Pjs Walikota Tomohon Fereydy Kaligis Hadiri Sekaligus Buka kegiatan Kegiatan Sosialisasi Stop Boros Pangan


Pjs Walikota Tomohon Fereydy Kaligis Hadiri Sekaligus Buka kegiatan Kegiatan Sosialisasi Stop Boros Pangan Perbesar

Tomohon,Sulutnews.com – Penjabat Sementara Walikota Tomohon Ir Fereydy Kaligis MAP menghadiri sekaligus membuka kegiatan Kegiatan Sosialisasi Stop Boros Pangan yang dilaksanakan di Grand Master Resort Tomohon. Senin,(11/11/2024).

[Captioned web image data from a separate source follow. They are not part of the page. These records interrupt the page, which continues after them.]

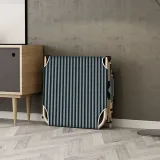 Lit Simple Multifonctionnel,Portable Et Pliant Grande Taille Avec Matelas Moelleux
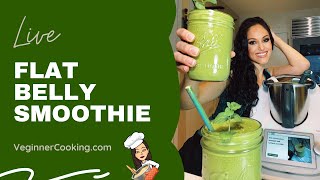 Healthy Green Smoothie • 𝑳𝒊𝒗𝒆 ~ The Best Anti-Inflammatory Smoothie | Thermomix TM6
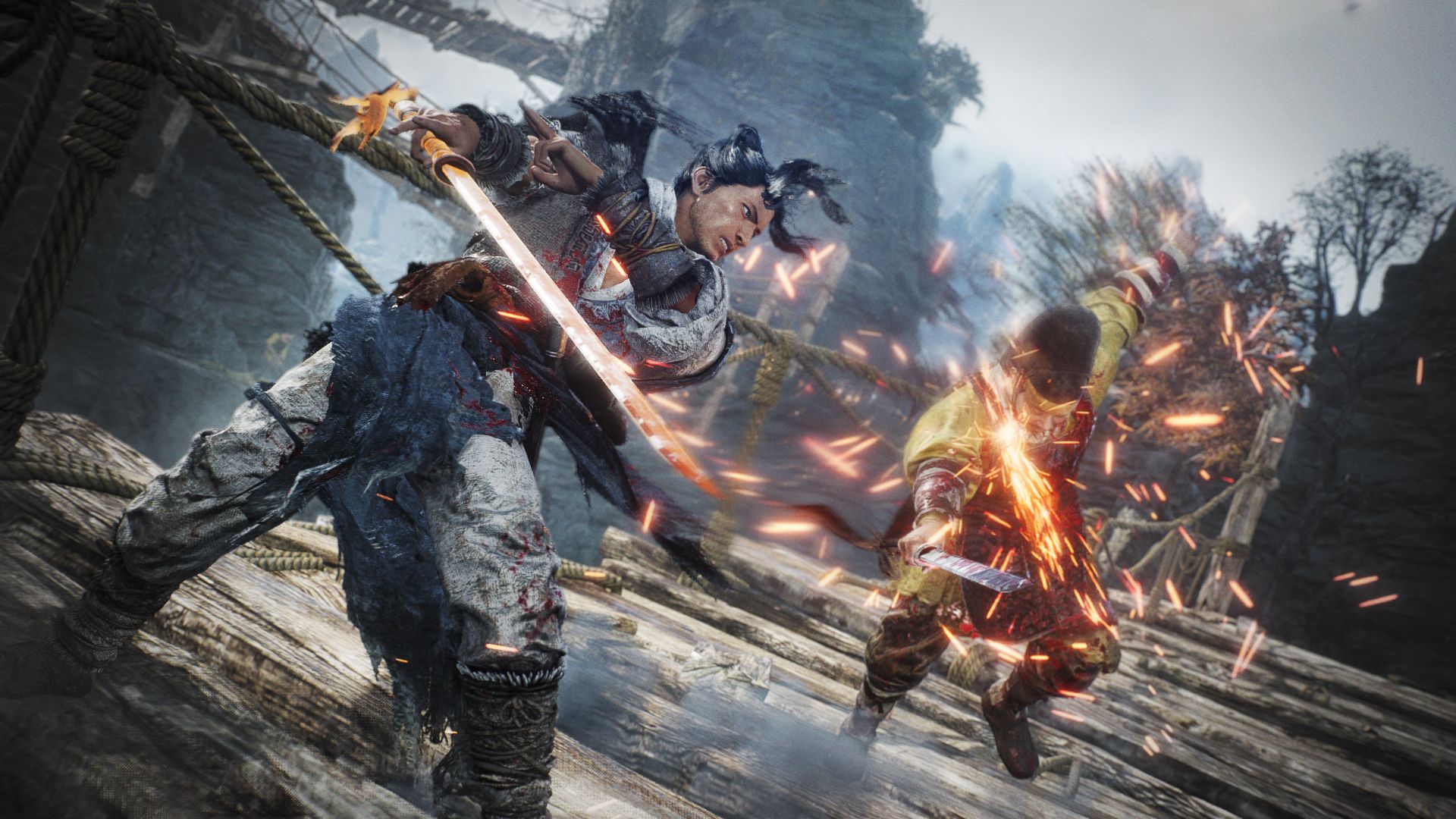 Sete coisas para saber antes de jogar o Wo Long: Fallen Dynasty Demo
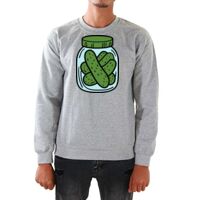 Adult Crew Neck Sweater Thumbnail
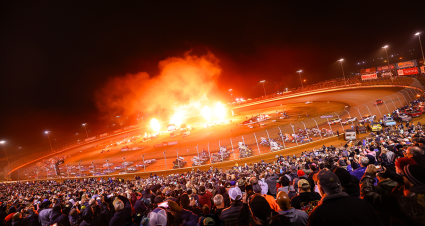 World Finals Schedule Cements Four Nights Of Racing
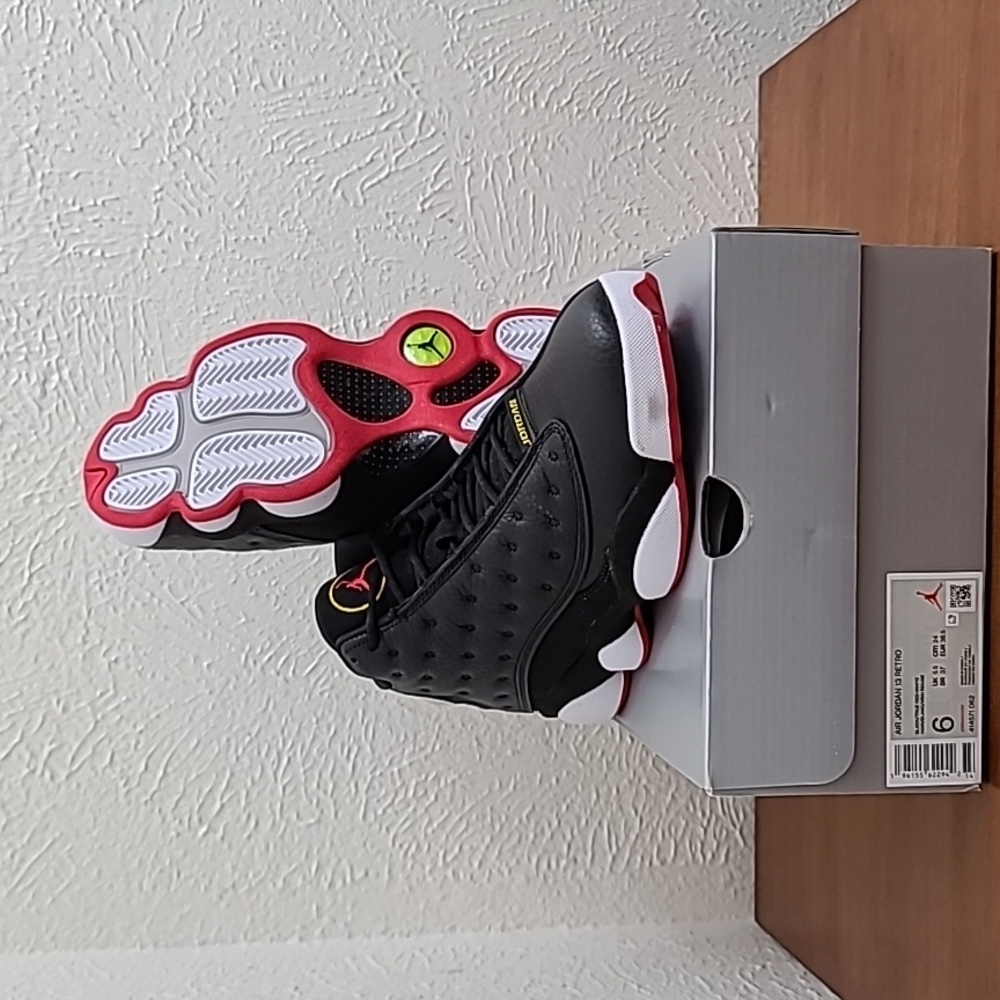 Air Jordan 13 Retro 2023 Playoff All Star Game 98 Mens Sneakers 414571-062 Sz 6 - Picture 11 of 17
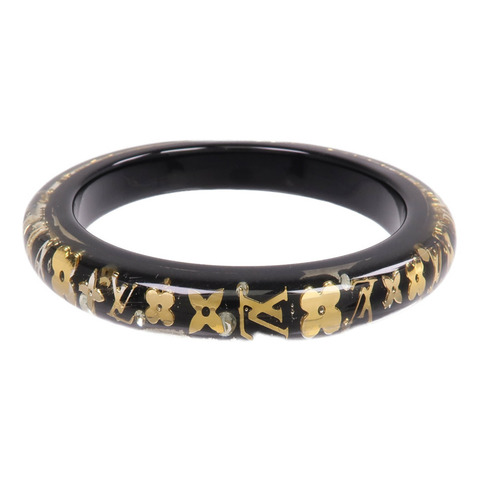 LOUIS VUITTON PVC Inclusion Bangle/Bracelet手鐲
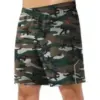 3rd Hill Men’s 7″ Running Shorts with Zipper Pockets for $6.99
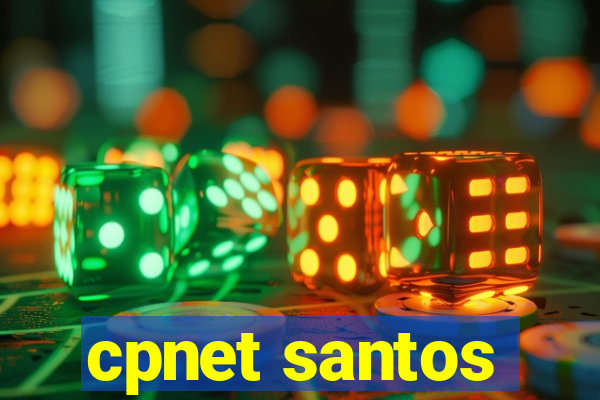 cpnet santos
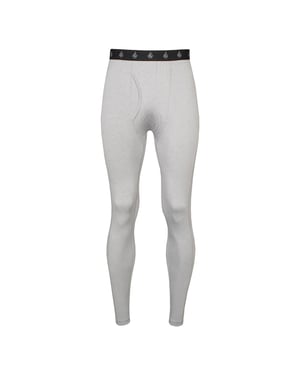 Calzoncillos largos con forro polar para hombre | Calzoncillos térmicos para invierno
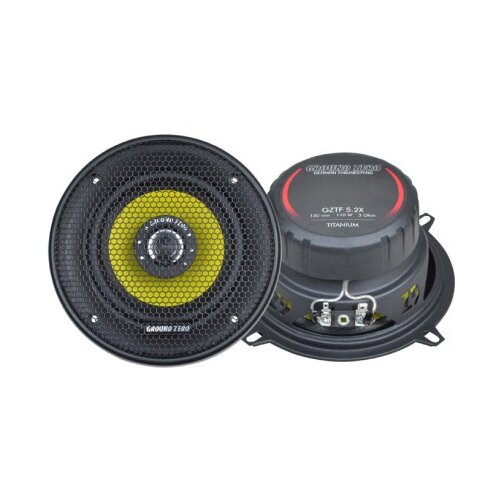 Ground Zero auto zvučnici 130mm 80W ( GZTF5.2X ) Slike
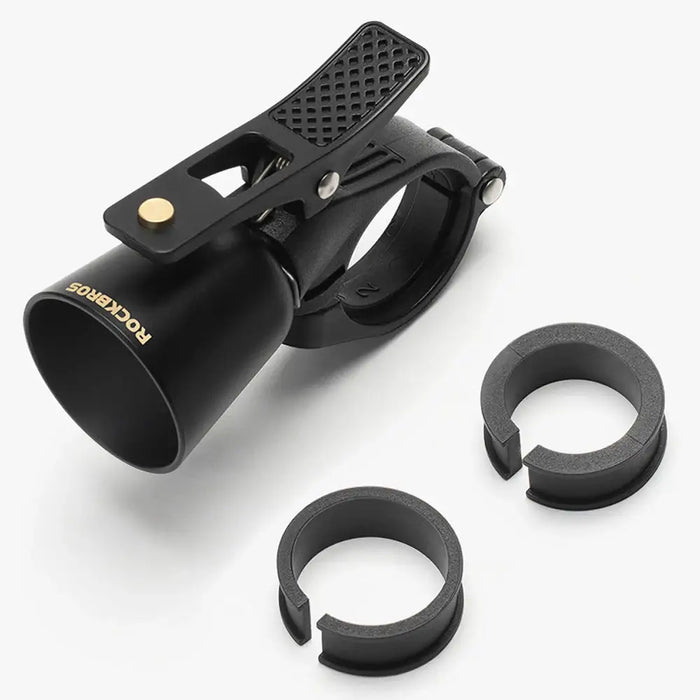 Rockbros 34210005001 bicycle bell - black - Sport products<<<HurtelXML&&&BellsSIR-DZW<<<Bicycles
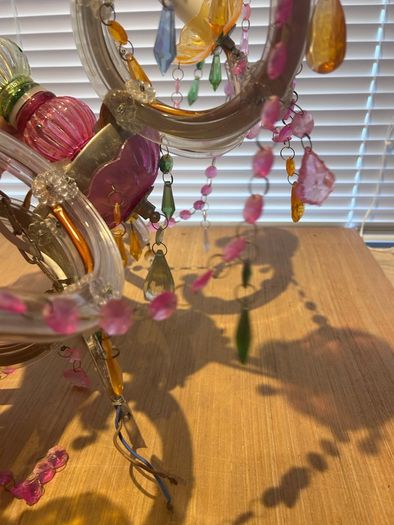 Five-arm chandelier Ceiling Light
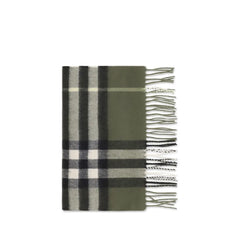 Burberry Bicolor Cashmere Scarf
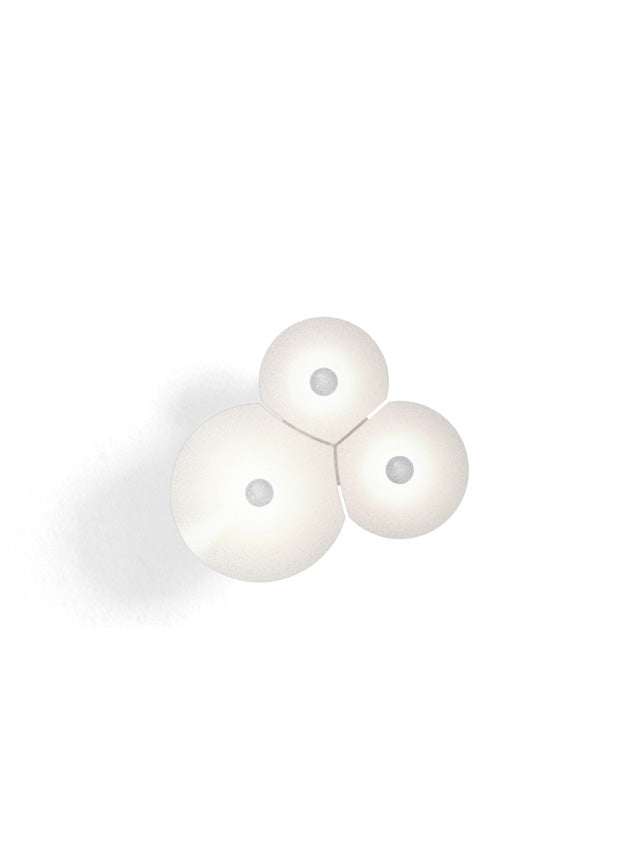 Lampa sufitowa Bulbullia – Luceplan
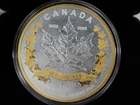 NobleSpirit 2024 5oz Canada $50 .9999 Silver 35th Anniv of SML Round w Box & CoA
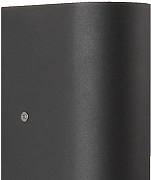 Накладной светильник Favourite Tend 3026-2W цвет плафона/подвески Черный, цвет арматуры Черный-2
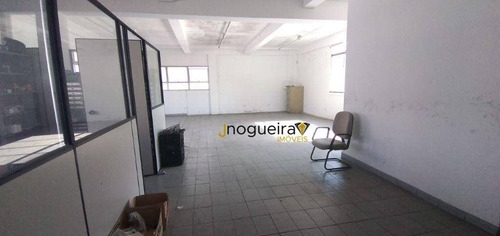 Imagem 10 de 15 de Galpão, 1036 M² - Venda Por R$ 6.360.000,00 Ou Aluguel Por R$ 30.000,00/mês - Jardim Fonte Do Morumbi - São Paulo/sp - Ga0251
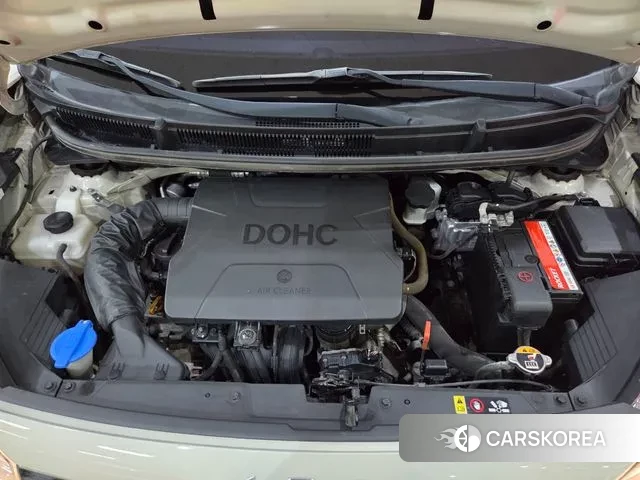 Kia All New Morning (JA) id 3703541 из Кореи 9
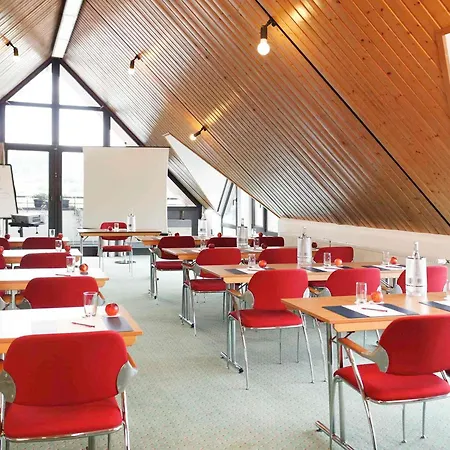Mercure An Den Salinen Bad Dürkheim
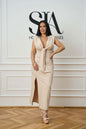 Rochie Naomi - Elegantă și Confortabilă, Sia House Of Dresses Sia House pentru femei elegante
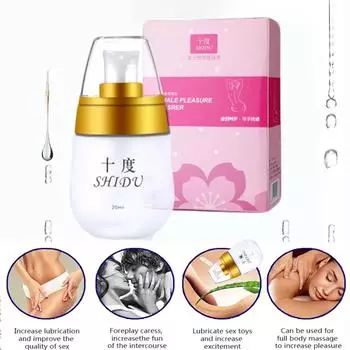 Повышение либидо, климакс, плотное масло, гель для оргазма, стимулятор влагалища, гель для женского оргазма, смазка для женщин, секс-спрей, афродизиак 1 Pcs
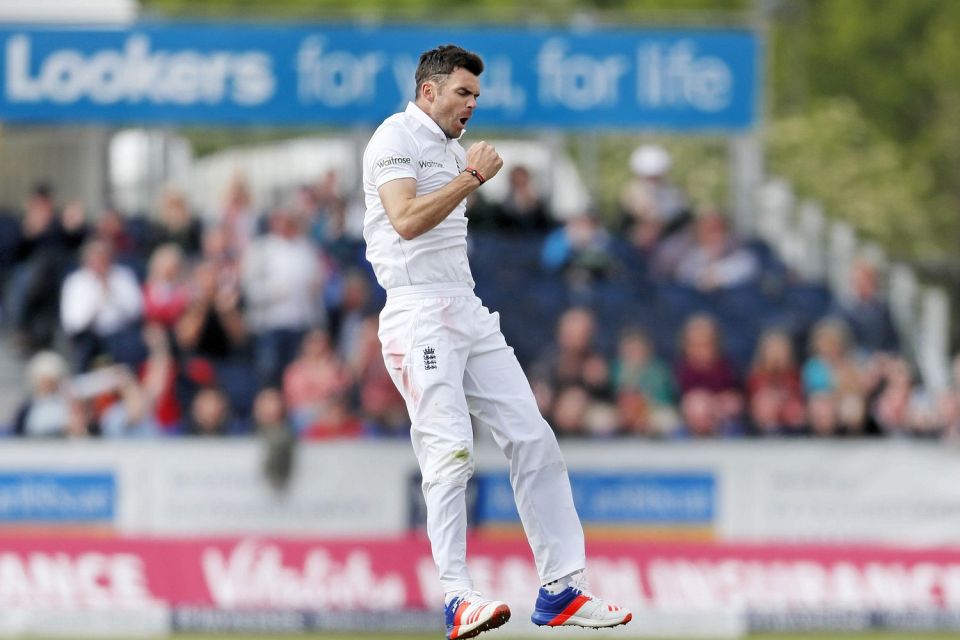 13 years after his Test debut, James Anderson has finally reached the status of No1 Test bowler on the planet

Sambutan Pjs Walikota Tomohon menyampaikan bahwa ketahanan pangan dan gizi selalu menjadi isu strategis  Nasional, karena pemenuhan  pangan merupakan hak setiap warga Negara yang harus dijamin kuantitas dan kualitasnya,aman dan bergizi untuk mewujudkan sumberdaya manusia yang sehat, cerdas, aktif dan produktif melihat situasi dan isu yang berkembang saat ini, salah satunya Elnino, yang menjadi hal yang sangat berpengaruh bagi ketahanan pangan yang ada di daerah kita. Mengantisipasi dampak el nino terhadap ketahanan pangan nasional, Pemerintah melakukan beberapa langkah strategis untuk mengamankan ketersediaan pangan. Pemerintah melalui Badan Pangan Nasional terus berkolaborasi dengan semua stakeholder guna  memastikan ketersediaan dan kualitas pangan serta menjaga keterjangkauan  harga dimasyarakat.

“Hal ini menjadi masalah karena setiap seringkali produksi melimpah tetapi permintaan sedikit. Apalagi pangan mudah rusak/busuk. Sehingga ini perlu ada penanganan yang baik. Di kota Tomohon memiliki cool storage jadi ada beberapa pangan yang bisa kita amankan” ucapnya.

Disampaikan bahwa salah satu kendala yang ada pada petani/kelompok tani ialah tidak melihat masa tanam yang baik sehingga disaat kita membutuhkan pangan pada hari raya ketersediaan pangan sangat kurang Sehingga kita mengambil pangan dari luar daerah.

Walikota berharap kepada para Lurah untuk memberikan motivasi kepada masyarakat, petani  tentang pola tanam.

Dalam rangka mewujudkan Astacita(8 misi) Presiden RI, salah satunya yaitu meningkatkan kualitas hidup sumber daya manusia agar supaya terhindar dari Kemiskinan, Kebodohan, dan juga menjadi Sumber daya Manusia yang unggul.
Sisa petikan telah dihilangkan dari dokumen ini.